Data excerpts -
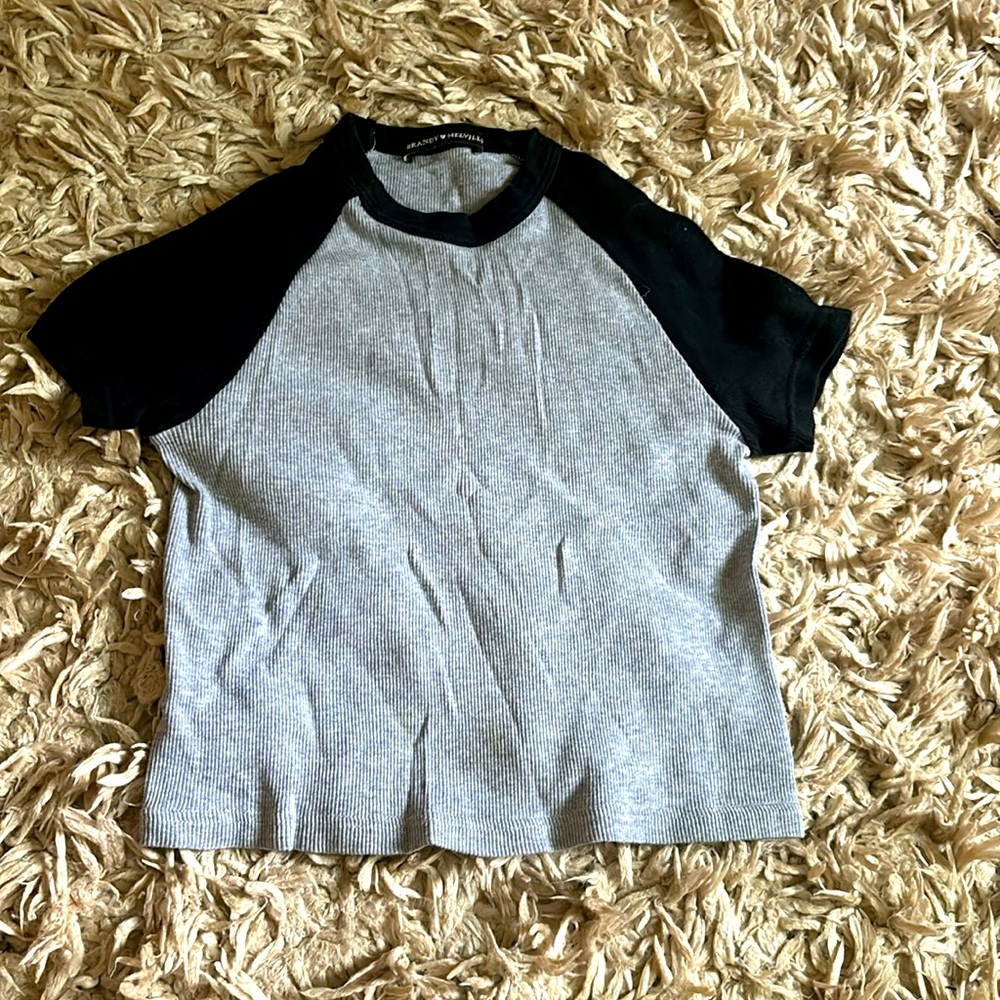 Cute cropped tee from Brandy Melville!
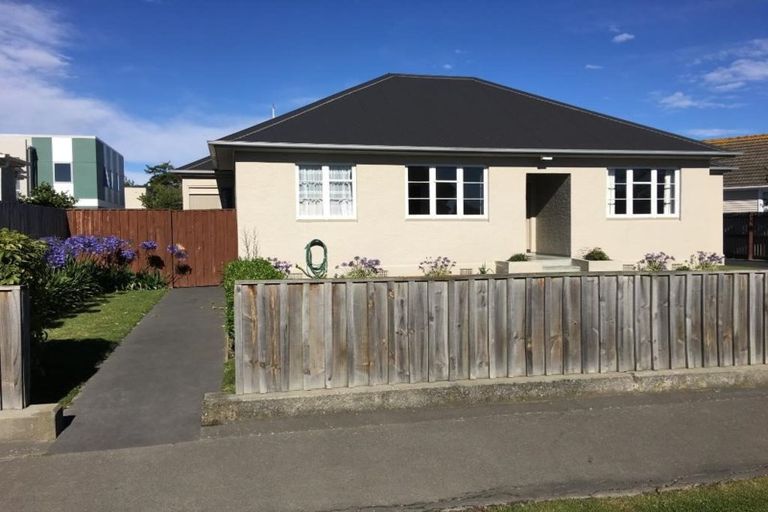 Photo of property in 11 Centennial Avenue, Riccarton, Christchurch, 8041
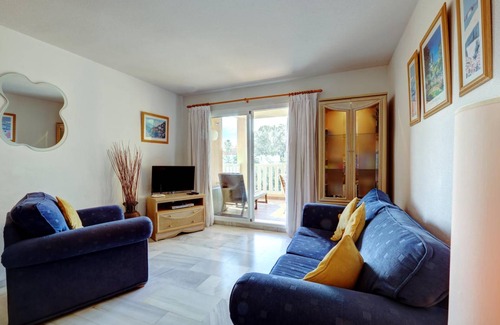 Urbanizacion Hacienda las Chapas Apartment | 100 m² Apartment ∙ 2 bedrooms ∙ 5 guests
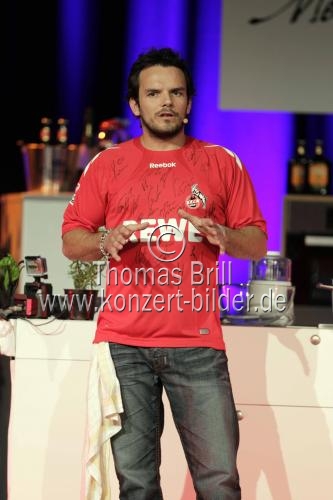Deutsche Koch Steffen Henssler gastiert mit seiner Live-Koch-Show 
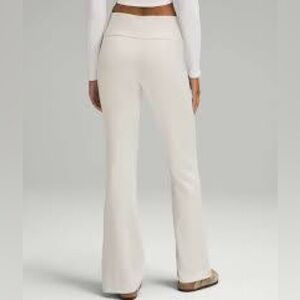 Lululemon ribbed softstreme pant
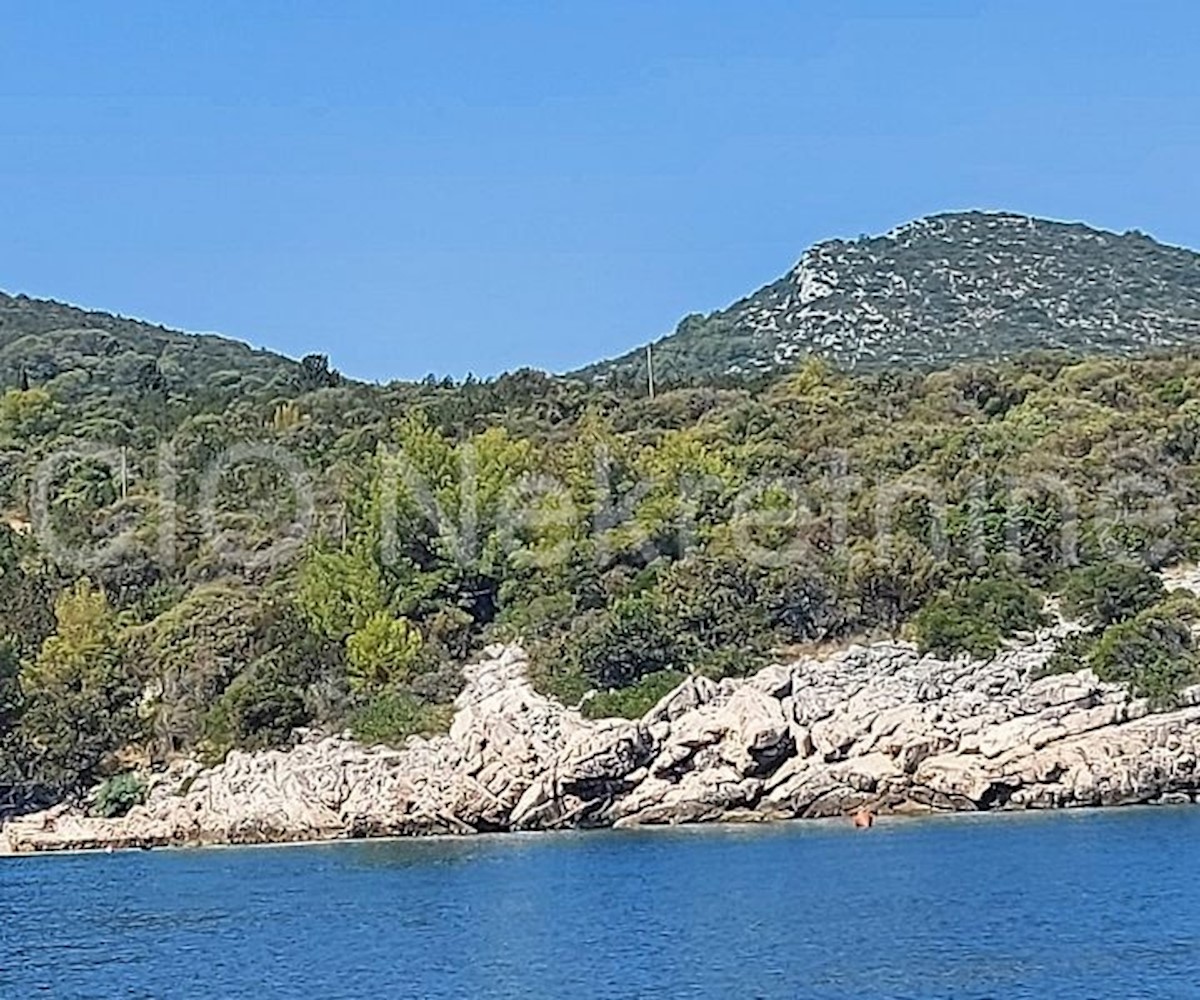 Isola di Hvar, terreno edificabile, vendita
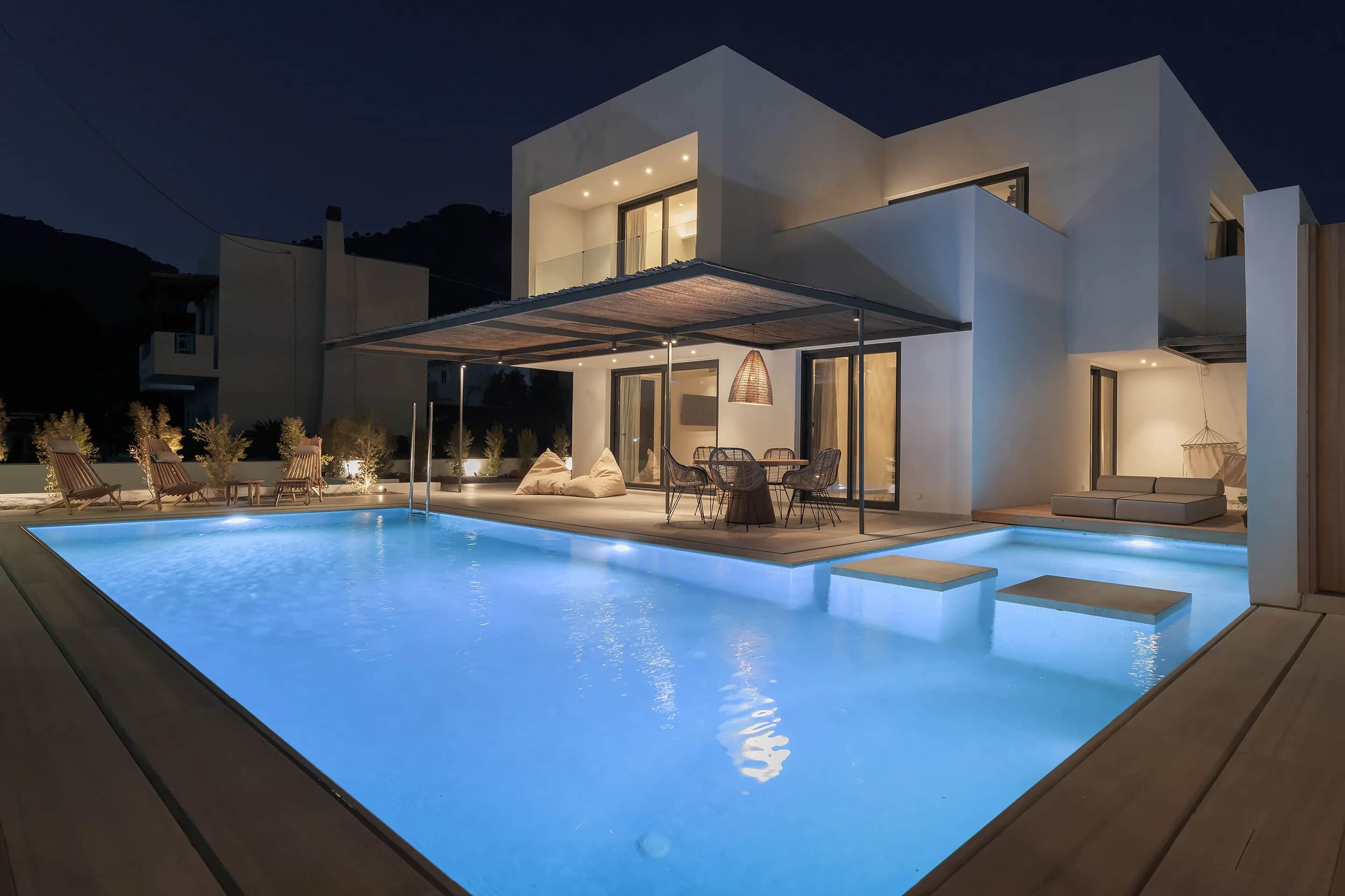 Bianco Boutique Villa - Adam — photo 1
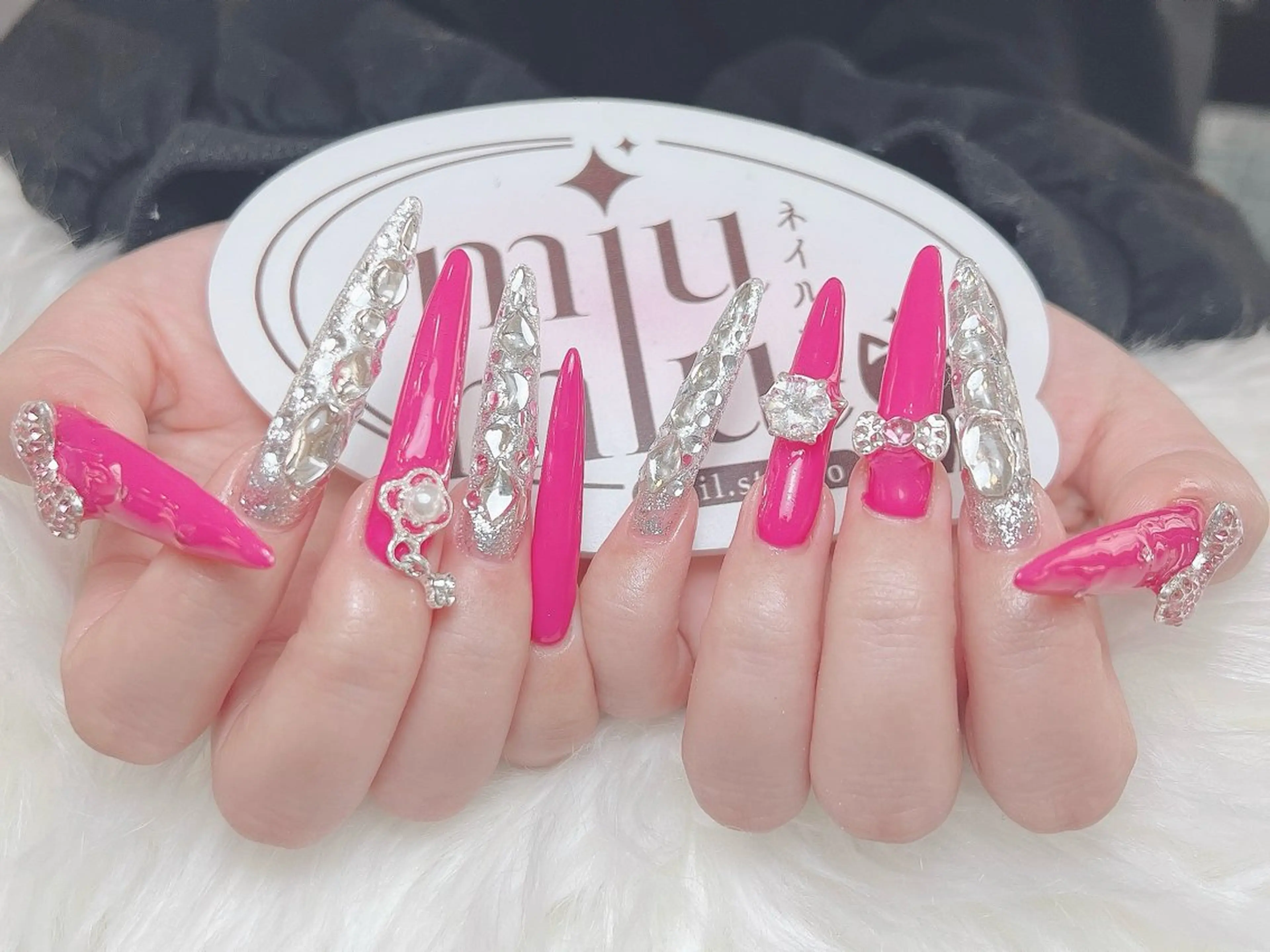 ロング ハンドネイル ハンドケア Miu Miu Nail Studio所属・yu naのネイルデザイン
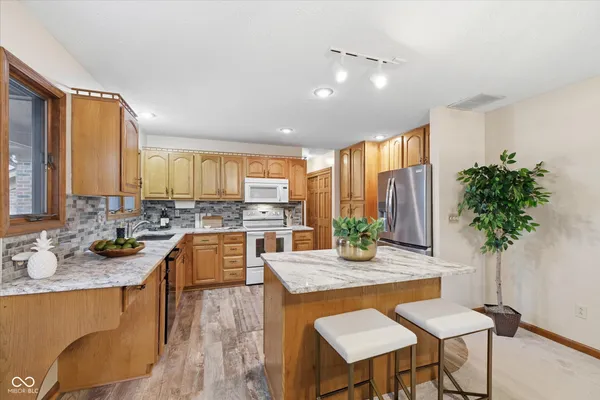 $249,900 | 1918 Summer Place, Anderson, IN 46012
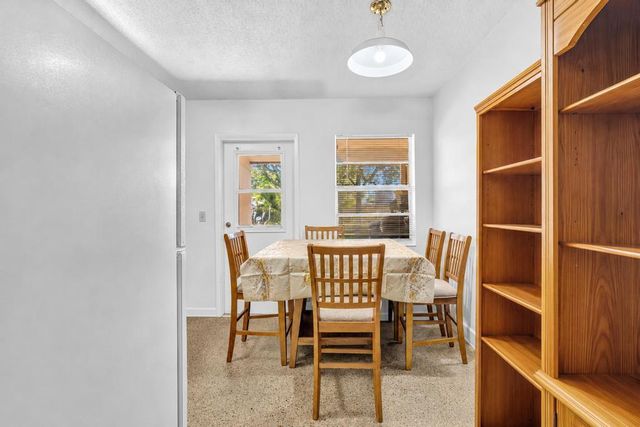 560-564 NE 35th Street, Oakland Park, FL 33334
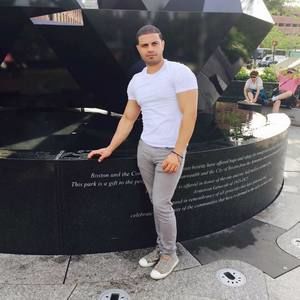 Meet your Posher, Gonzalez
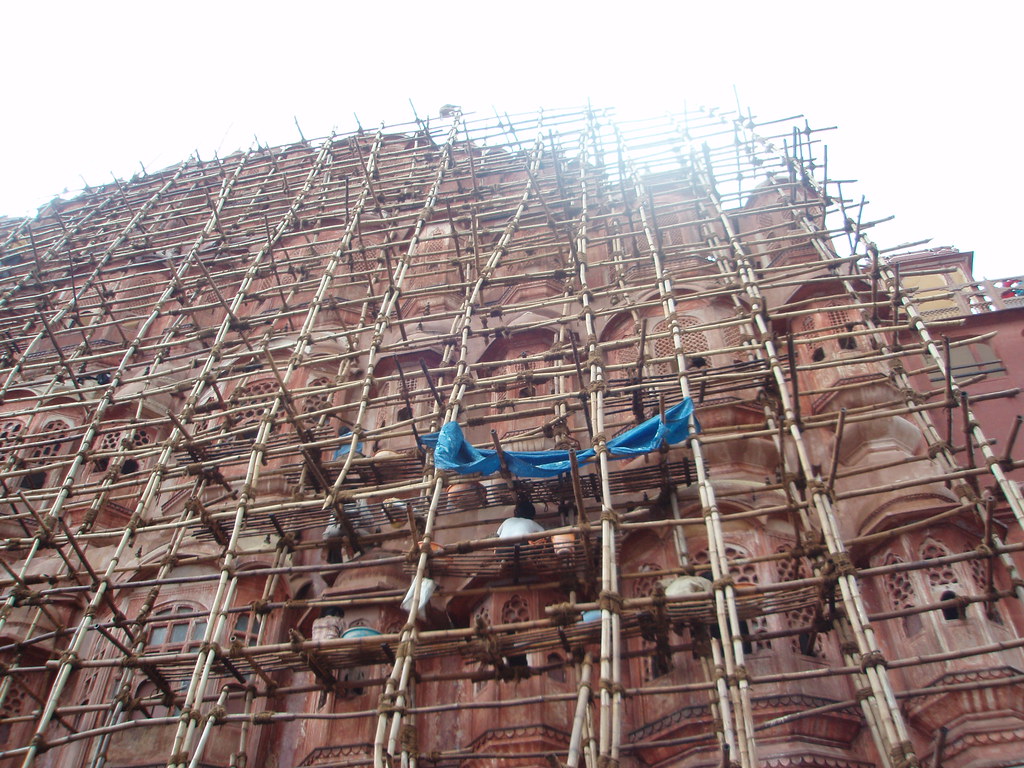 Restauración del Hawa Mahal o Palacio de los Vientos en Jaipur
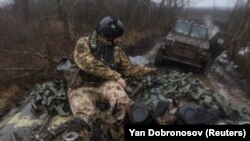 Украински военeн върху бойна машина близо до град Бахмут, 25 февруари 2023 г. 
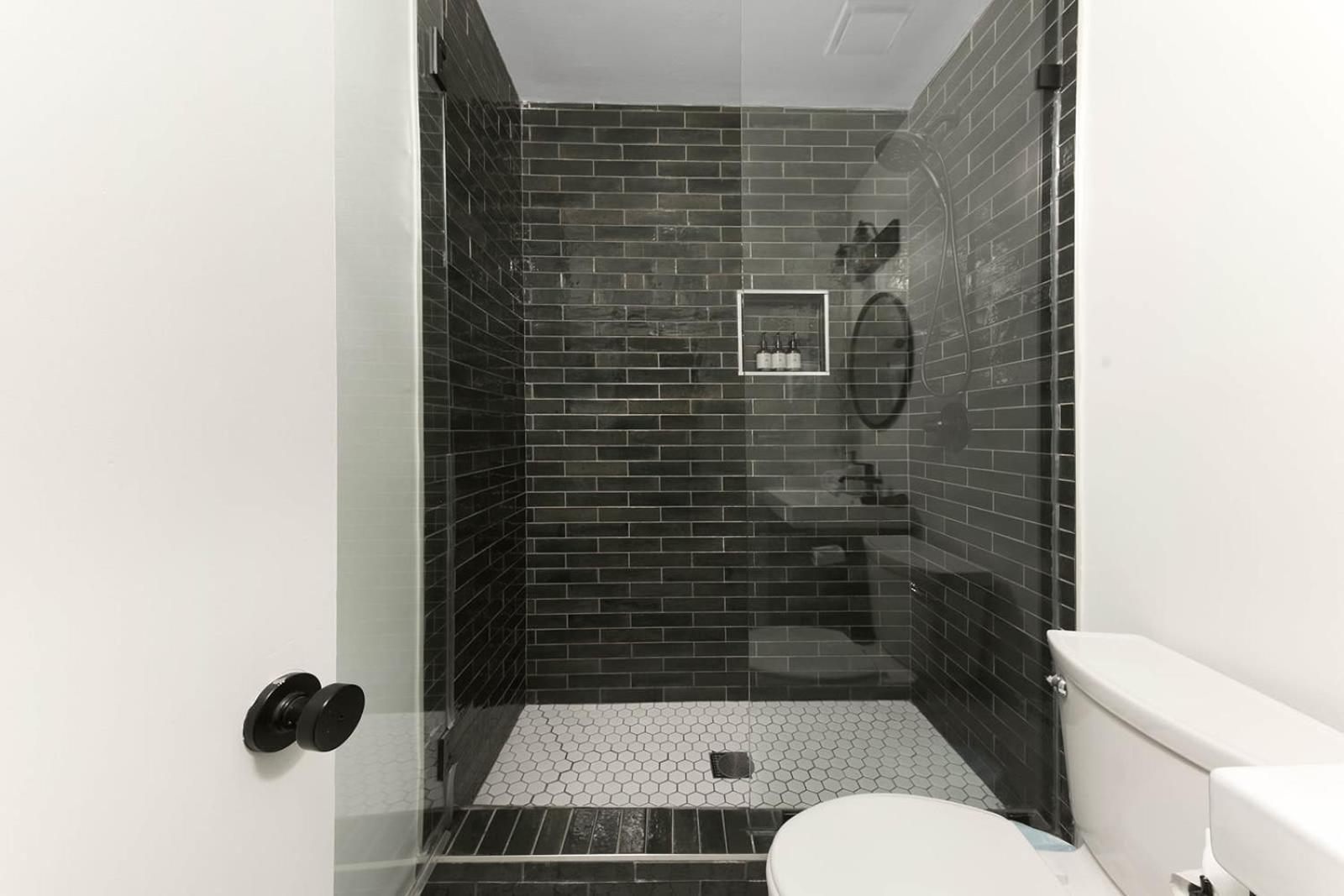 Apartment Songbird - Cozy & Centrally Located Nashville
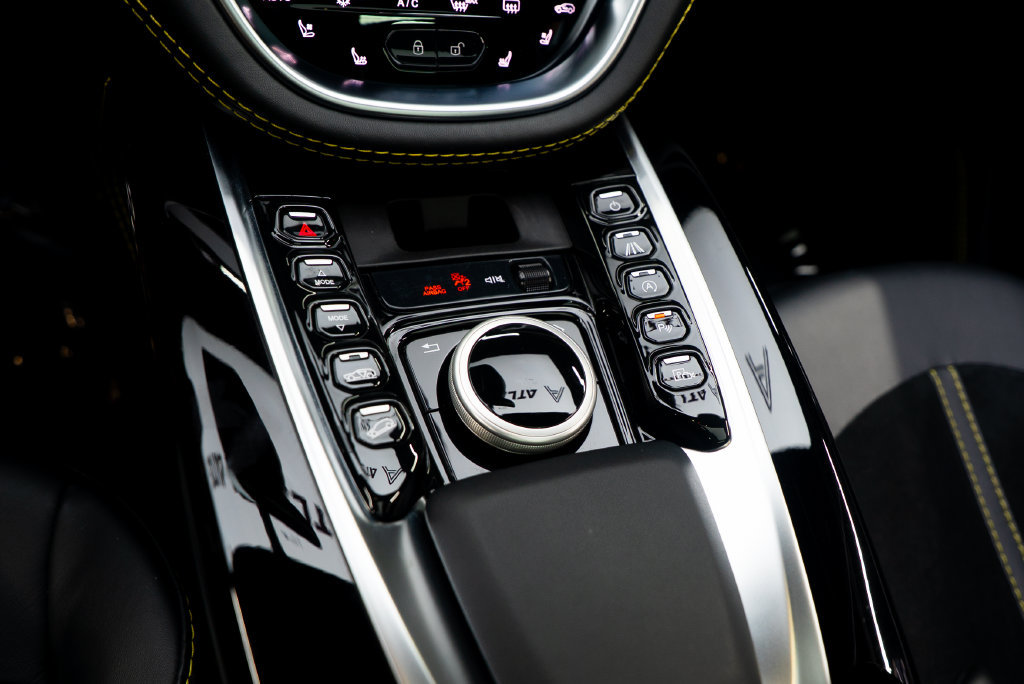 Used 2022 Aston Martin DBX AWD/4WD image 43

WORK INSTRUCTIONS - Retype each entry exactly as it appears, excluding any image.

ANSWER AREA -
 Cute cropped tee from Brandy Melville!
 Photo of property in 11 Centennial Avenue, Riccarton, Christchurch, 8041
 Urbanizacion Hacienda las Chapas Apartment | 100 m² Apartment ∙ 2 bedrooms ∙ 5 guests
Deutsche Koch Steffen Henssler gastiert mit seiner Live-Koch-Show 
 Lululemon ribbed softstreme pant
 Isola di Hvar, terreno edificabile, vendita
 Bianco Boutique Villa - Adam — photo 1
 ロング ハンドネイル ハンドケア Miu Miu Nail Studio所属・yu naのネイルデザイン
 $249,900 | 1918 Summer Place, Anderson, IN 46012
 560-564 NE 35th Street, Oakland Park, FL 33334
 Meet your Posher, Gonzalez
 Restauración del Hawa Mahal o Palacio de los Vientos en Jaipur
 Украински военeн върху бойна машина близо до град Бахмут, 25 февруари 2023 г. 
 Apartment Songbird - Cozy & Centrally Located Nashville
 Used 2022 Aston Martin DBX AWD/4WD image 43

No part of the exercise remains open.